[Opening Task material section]

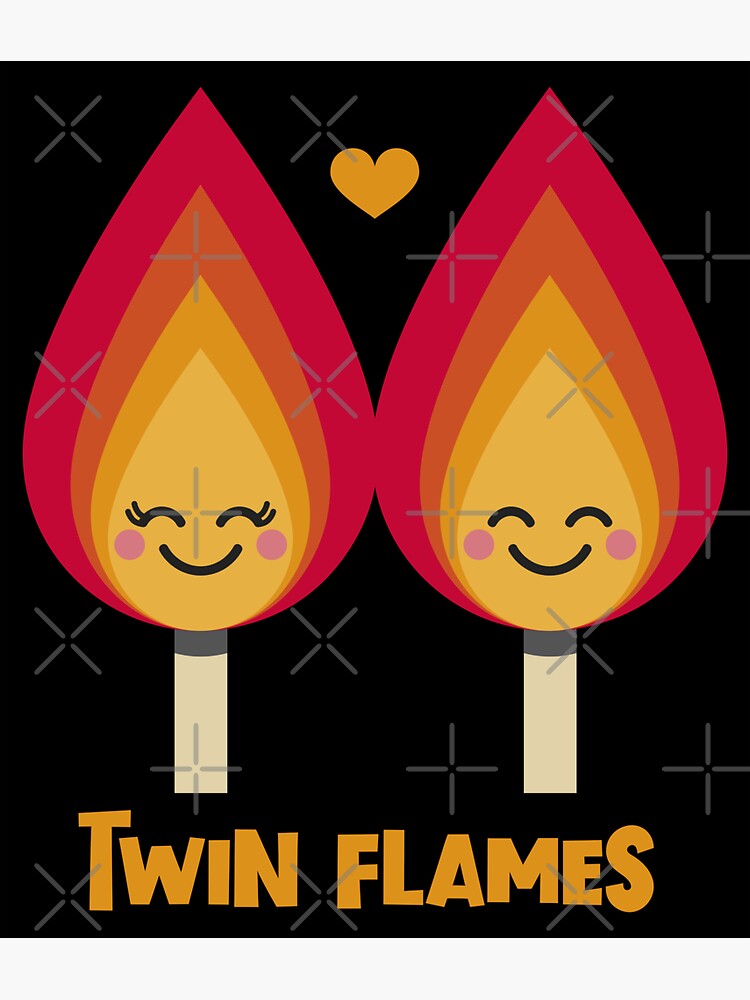 Twin Flames In Love Sticker For Sale By VicEllisArt Redbubble   Bg,f8f8f8 Flat,750x,075,f Pad,750x1000,f8f8f8 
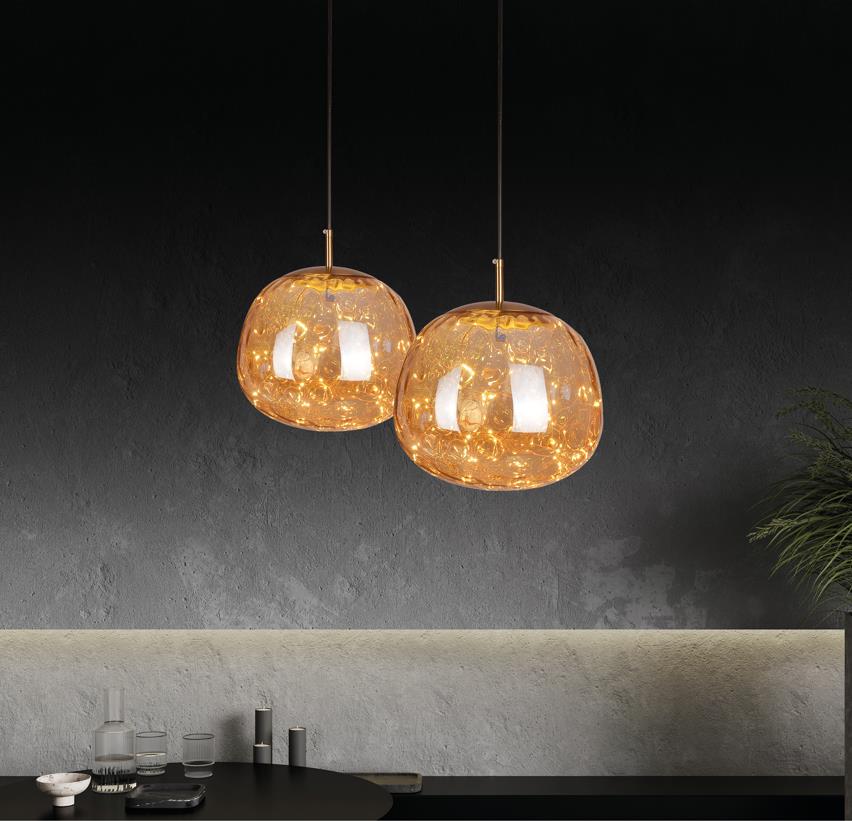 Viyana Meteorite Honey Antique Glass Led Pendant Light Chandelier 30 Cm - Heka Lighting & Trading Limited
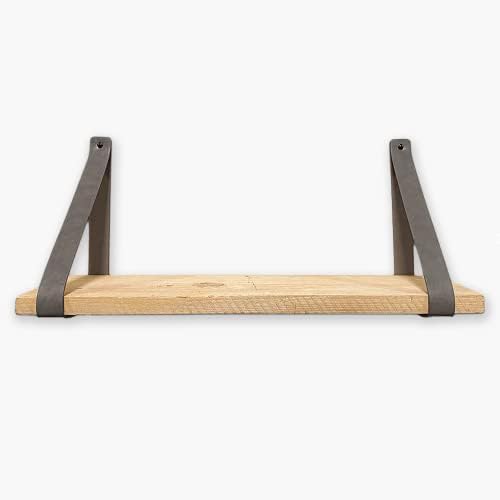 Brute Strength – PU Leather Shelf Brackets - Gray - 6 Pieces - Wall Support - Shelf Supports - Synthetic Leather Shelf C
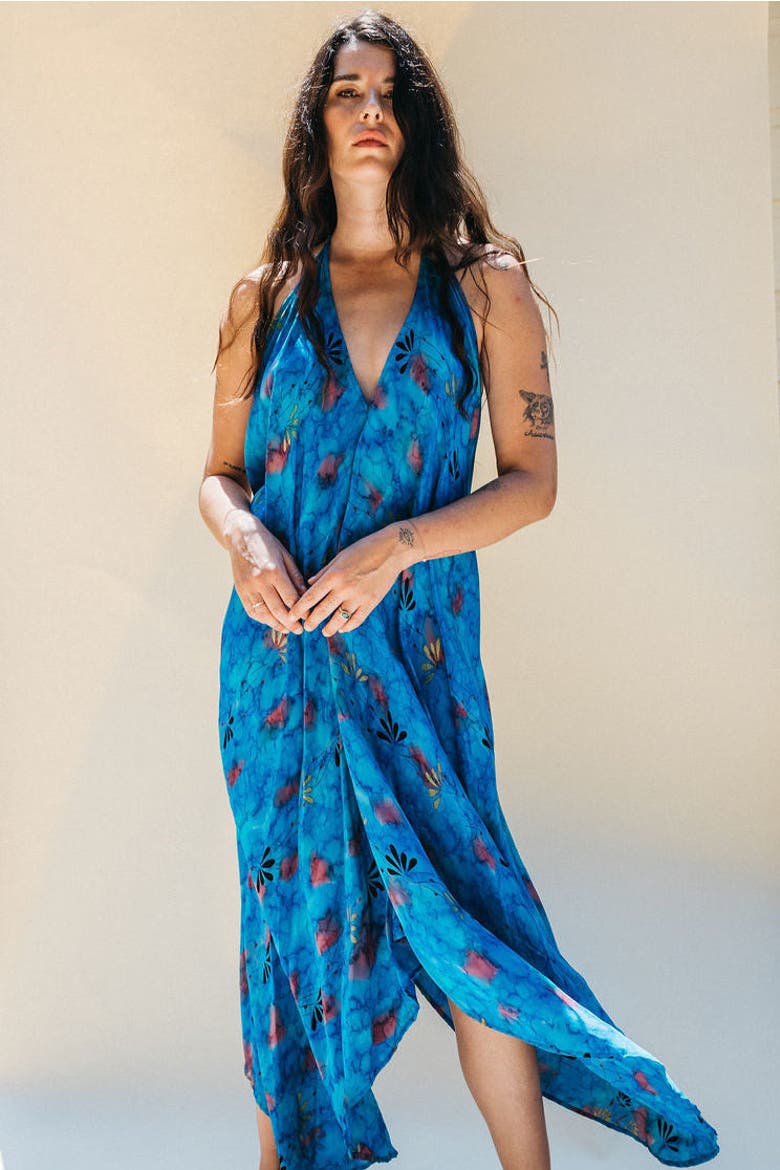 Classic Silk Dress Sage, Alternate, color, Blue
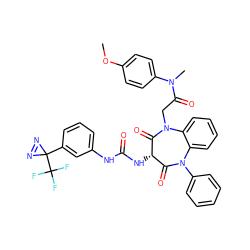 COc1ccc(N(C)C(=O)CN2C(=O)[C@@H](NC(=O)Nc3cccc(C4(C(F)(F)F)N=N4)c3)C(=O)N(c3ccccc3)c3ccccc32)cc1 ZINC000150600171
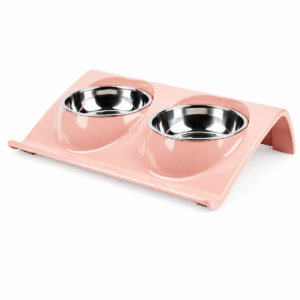 Pet Pantry Elevated Double Pet Feeding Bowl – Stainless Steel Dog & Cat Food & Water Station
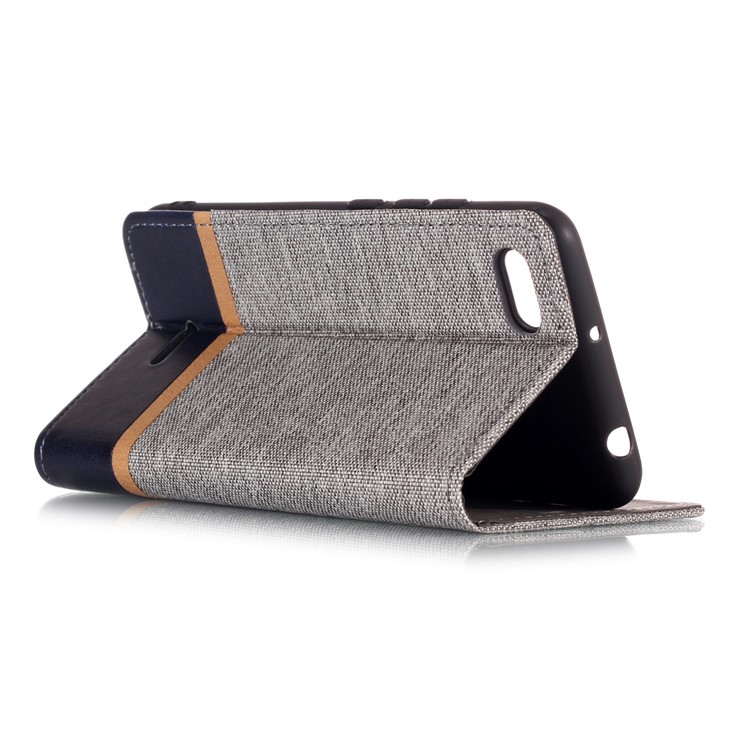 Cloth Texture Splicing PU Leather Stand Flip Case with Card Holder for Xiaomi Redmi 6A (Single 12MP Rear Camera) - Grey-6
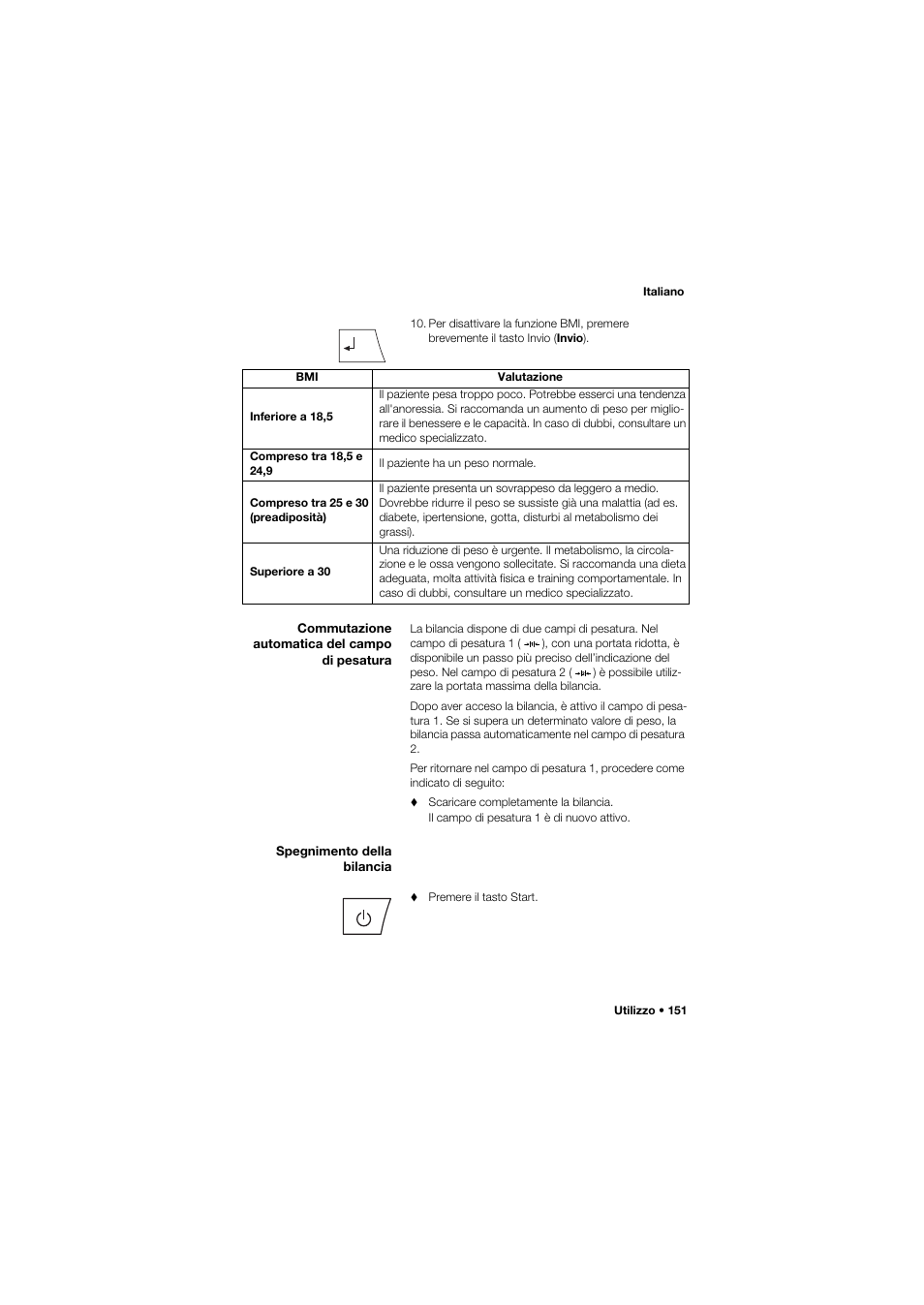 Commutazione automatica del campo di pesatura, Spegnimento della bilancia | Seca 675 User Manual | Page 151 / 292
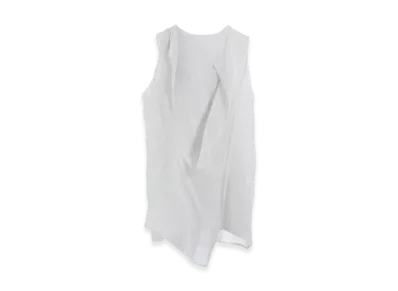 Y's Ramie Lawn Double Front Drape Shirt "Off White"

[Closing Task material section]

Work task → Write out exactly the lines running from the one with "Classic Silk Dress" through the end of the material, both ends included, while leaving the pictures out.

Written response →
 Classic Silk Dress Sage, Alternate, color, Blue
 COc1ccc(N(C)C(=O)CN2C(=O)[C@@H](NC(=O)Nc3cccc(C4(C(F)(F)F)N=N4)c3)C(=O)N(c3ccccc3)c3ccccc32)cc1 ZINC000150600171
 Pet Pantry Elevated Double Pet Feeding Bowl – Stainless Steel Dog & Cat Food & Water Station
 Cloth Texture Splicing PU Leather Stand Flip Case with Card Holder for Xiaomi Redmi 6A (Single 12MP Rear Camera) - Grey-6
 Commutazione automatica del campo di pesatura, Spegnimento della bilancia | Seca 675 User Manual | Page 151 / 292
 Y's Ramie Lawn Double Front Drape Shirt "Off White"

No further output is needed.